Georgia HiT (2017)



This analysis of the Georgian health system reviews developments in its organization and governance, health financing, health-care provision, health reforms and health system performance. Since 2012, political commitment to improving access to health care, to protecting the population from the financial risks of health-care costs and to reducing inequalities has led to the introduction of reforms to provide universal health coverage.

Considerable progress has been made. Over 90% of the resident population became entitled to a tightly defined package of state-funded benefits in 2013; previously, only 45% of the population had been eligible. The package of services has variable depth of coverage depending on the groups concerned, with the lowest income groups enjoying the most comprehensive benefits. To finance this broader coverage, the government increased health spending significantly, although it remains low in international comparisons.
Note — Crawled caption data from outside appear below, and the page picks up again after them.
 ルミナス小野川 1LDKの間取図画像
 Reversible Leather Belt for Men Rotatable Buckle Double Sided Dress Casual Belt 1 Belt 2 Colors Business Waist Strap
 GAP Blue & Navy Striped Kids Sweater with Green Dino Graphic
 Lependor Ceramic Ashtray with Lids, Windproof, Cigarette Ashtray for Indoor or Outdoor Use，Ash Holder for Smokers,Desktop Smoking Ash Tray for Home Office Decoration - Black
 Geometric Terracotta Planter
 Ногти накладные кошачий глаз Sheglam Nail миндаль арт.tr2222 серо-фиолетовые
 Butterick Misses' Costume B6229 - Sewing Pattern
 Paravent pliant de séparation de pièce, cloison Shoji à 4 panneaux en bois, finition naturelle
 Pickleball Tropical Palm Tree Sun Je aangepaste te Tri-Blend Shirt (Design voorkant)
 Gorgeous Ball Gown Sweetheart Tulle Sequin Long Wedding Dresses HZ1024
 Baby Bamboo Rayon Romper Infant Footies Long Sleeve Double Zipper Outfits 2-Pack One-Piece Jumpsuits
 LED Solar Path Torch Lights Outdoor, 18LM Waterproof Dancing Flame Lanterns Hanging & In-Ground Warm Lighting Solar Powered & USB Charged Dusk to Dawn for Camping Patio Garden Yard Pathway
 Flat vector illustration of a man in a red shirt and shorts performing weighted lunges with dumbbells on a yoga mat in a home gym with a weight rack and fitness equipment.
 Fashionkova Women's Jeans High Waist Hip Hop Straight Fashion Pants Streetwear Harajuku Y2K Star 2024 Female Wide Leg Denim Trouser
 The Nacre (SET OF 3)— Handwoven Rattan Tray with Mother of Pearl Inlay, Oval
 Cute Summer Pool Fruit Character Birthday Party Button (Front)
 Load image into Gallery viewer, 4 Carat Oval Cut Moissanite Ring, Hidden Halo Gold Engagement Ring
Out-of-pocket (OOP) payments have fallen as public spending has increased. Nevertheless, current health expenditure is still dominated by OOP payments (57% in 2015), two thirds of which are for outpatient pharmaceuticals. For this reason, in July 2017, the package of benefits was expanded for the most vulnerable households to cover essential medicines for 4 common chronic conditions.

The system has retained extensive infrastructure with strong geographical coverage. Georgia also has a large number of doctors per capita, but an acute shortage of nurses. Incentives in the system for patients and providers favour emergency and inpatient care over primary care. Also, financial incentives to improve the quality of care are limited and disincentives are lacking to inhibit poor quality of care. Future reform plans focus on ensuring universal access to high-quality medical services, strengthening primary care and public health services, and increasing financial protection.